= YOUR TASK =
Only the lines below from the one that contains "An important bit" through the one that contains "In this video, we're" should appear in your answer, exact and without pictures.

= RECORD SET =
+++++
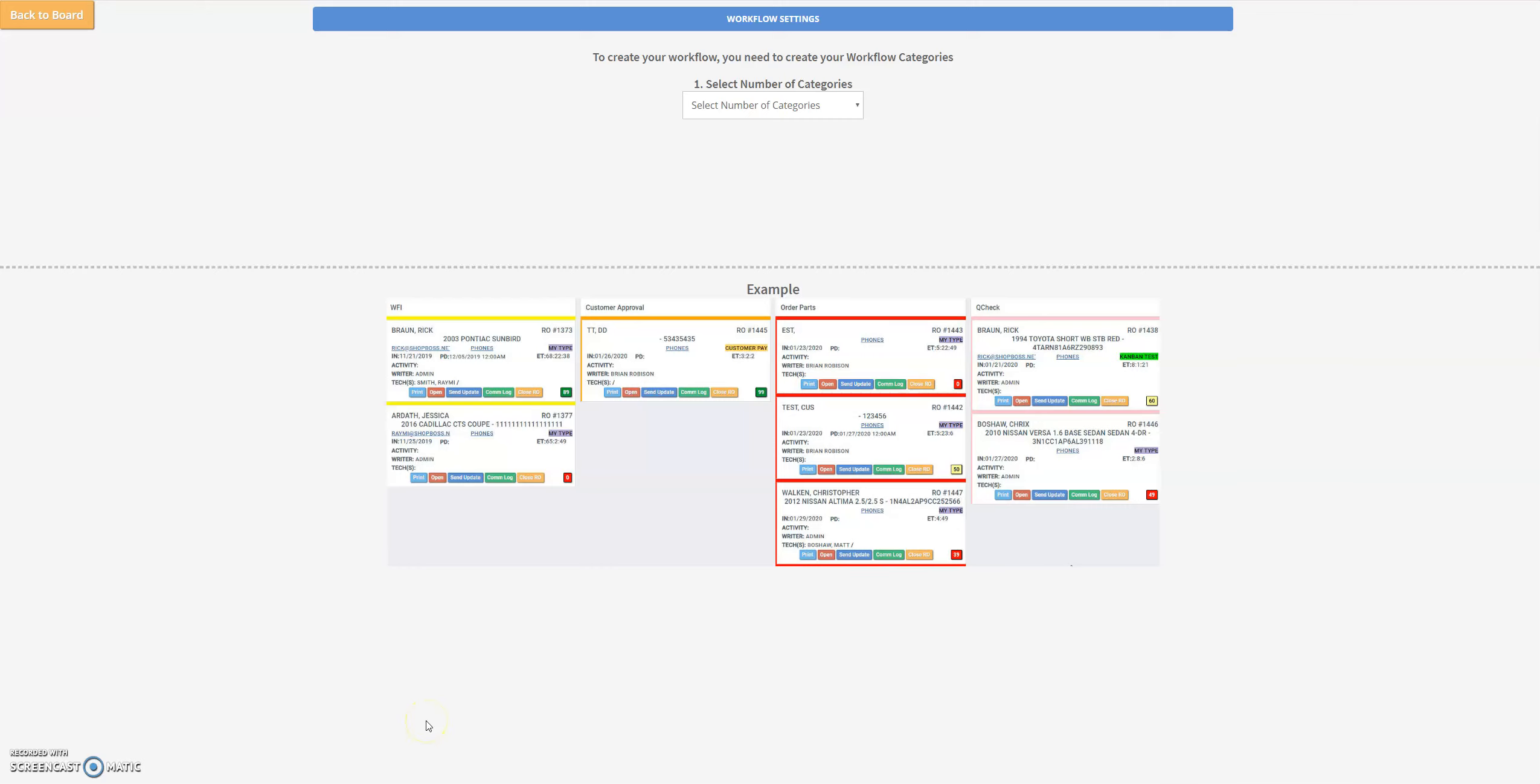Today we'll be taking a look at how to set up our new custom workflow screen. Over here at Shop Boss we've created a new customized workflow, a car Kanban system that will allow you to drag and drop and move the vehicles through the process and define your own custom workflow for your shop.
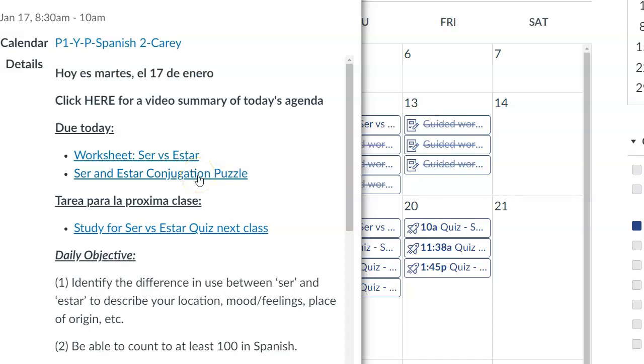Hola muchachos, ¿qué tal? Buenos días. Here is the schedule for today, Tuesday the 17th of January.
+++++
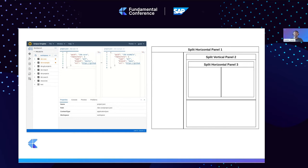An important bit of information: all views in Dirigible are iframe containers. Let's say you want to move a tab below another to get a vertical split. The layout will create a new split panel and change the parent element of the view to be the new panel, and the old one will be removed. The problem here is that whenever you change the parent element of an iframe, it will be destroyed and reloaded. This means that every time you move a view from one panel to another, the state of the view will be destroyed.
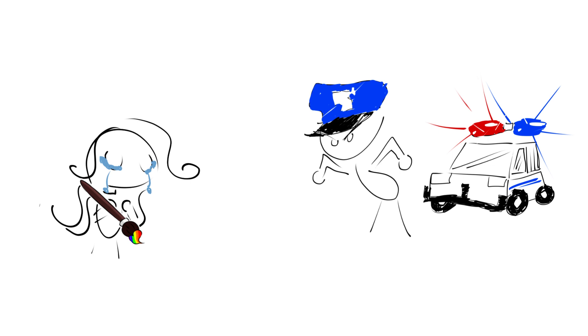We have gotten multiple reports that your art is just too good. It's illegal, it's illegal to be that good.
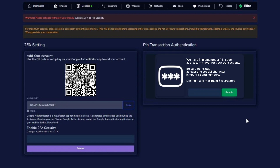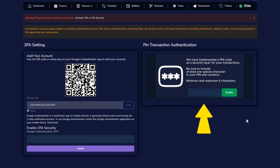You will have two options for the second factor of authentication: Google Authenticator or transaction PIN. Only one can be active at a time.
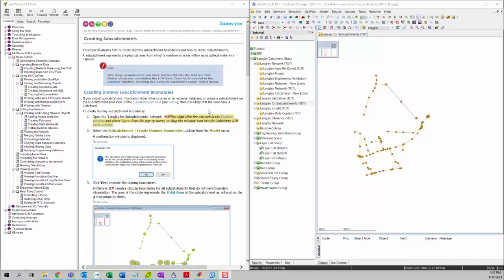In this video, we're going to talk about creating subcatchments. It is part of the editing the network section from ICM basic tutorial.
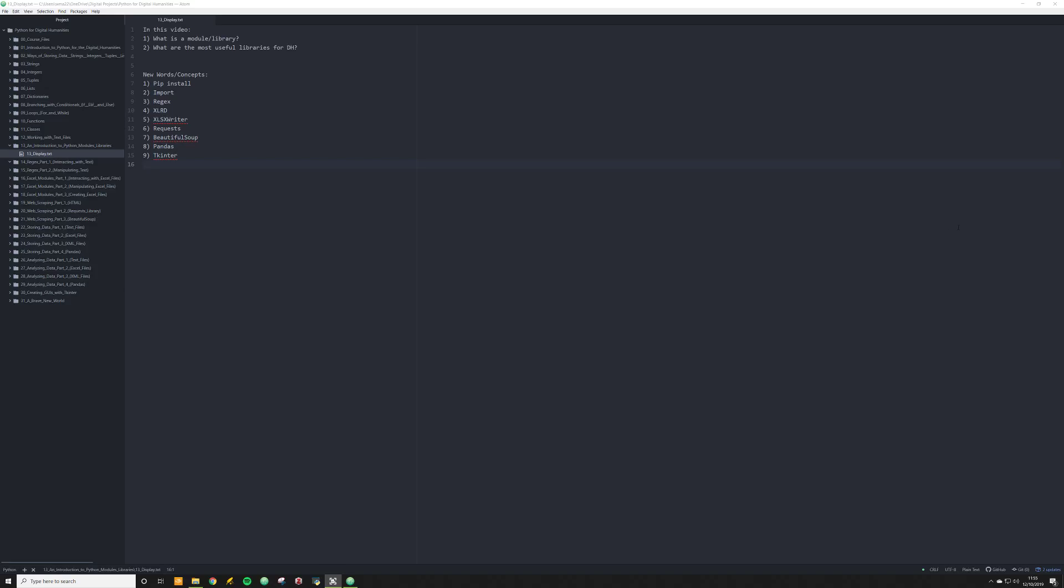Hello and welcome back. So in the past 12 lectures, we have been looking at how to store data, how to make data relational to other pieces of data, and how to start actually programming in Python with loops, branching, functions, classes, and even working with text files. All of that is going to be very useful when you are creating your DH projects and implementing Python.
+++++
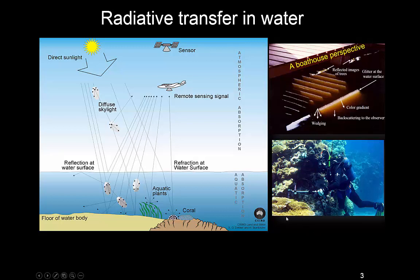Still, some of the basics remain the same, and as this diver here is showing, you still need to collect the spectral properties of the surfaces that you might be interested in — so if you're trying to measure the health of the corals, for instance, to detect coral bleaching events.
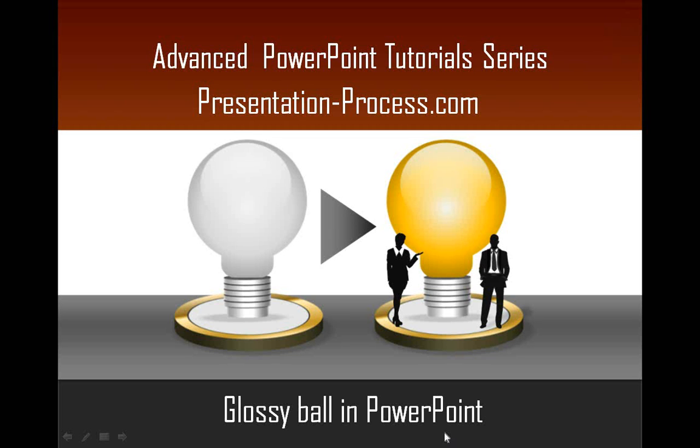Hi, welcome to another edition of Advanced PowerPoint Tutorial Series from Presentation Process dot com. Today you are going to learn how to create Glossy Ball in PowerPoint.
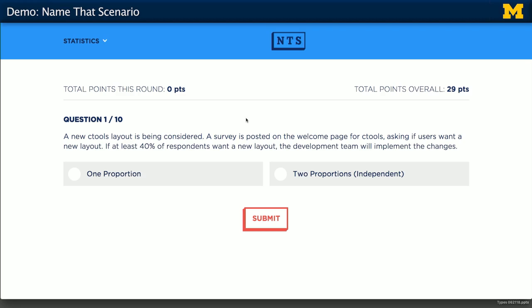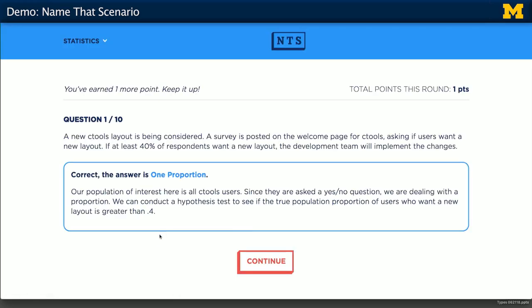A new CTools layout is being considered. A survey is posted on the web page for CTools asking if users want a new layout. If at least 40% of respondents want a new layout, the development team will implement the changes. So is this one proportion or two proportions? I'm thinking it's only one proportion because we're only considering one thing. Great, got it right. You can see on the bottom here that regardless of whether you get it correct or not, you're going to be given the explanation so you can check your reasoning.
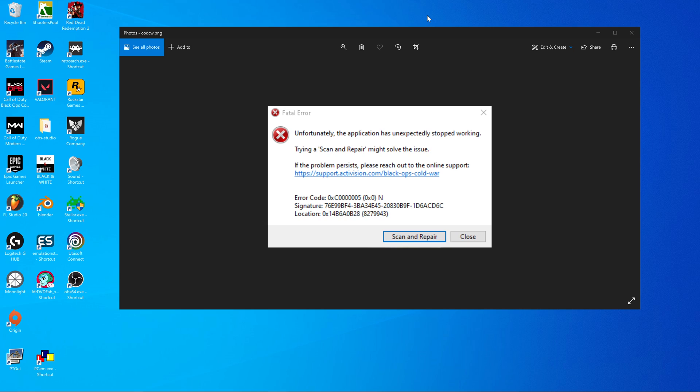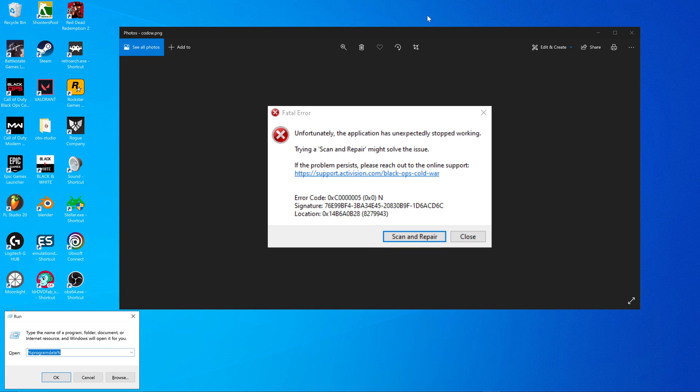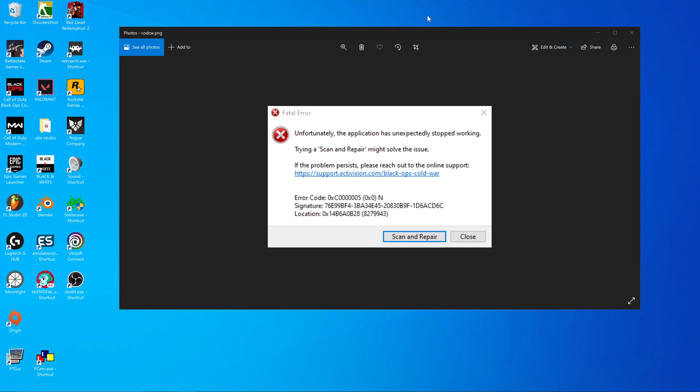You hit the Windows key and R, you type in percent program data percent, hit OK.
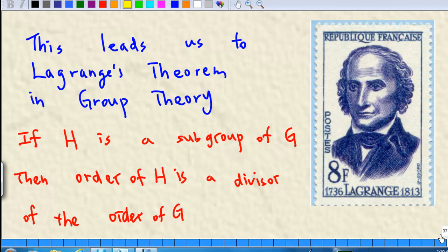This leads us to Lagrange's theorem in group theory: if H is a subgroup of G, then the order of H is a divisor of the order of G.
+++++
= OUTPUT =
An important bit of information: all views in Dirigible are iframe containers. Let's say you want to move a tab below another to get a vertical split. The layout will create a new split panel and change the parent element of the view to be the new panel, and the old one will be removed. The problem here is that whenever you change the parent element of an iframe, it will be destroyed and reloaded. This means that every time you move a view from one panel to another, the state of the view will be destroyed.
We have gotten multiple reports that your art is just too good. It's illegal, it's illegal to be that good.
You will have two options for the second factor of authentication: Google Authenticator or transaction PIN. Only one can be active at a time.
In this video, we're going to talk about creating subcatchments. It is part of the editing the network section from ICM basic tutorial.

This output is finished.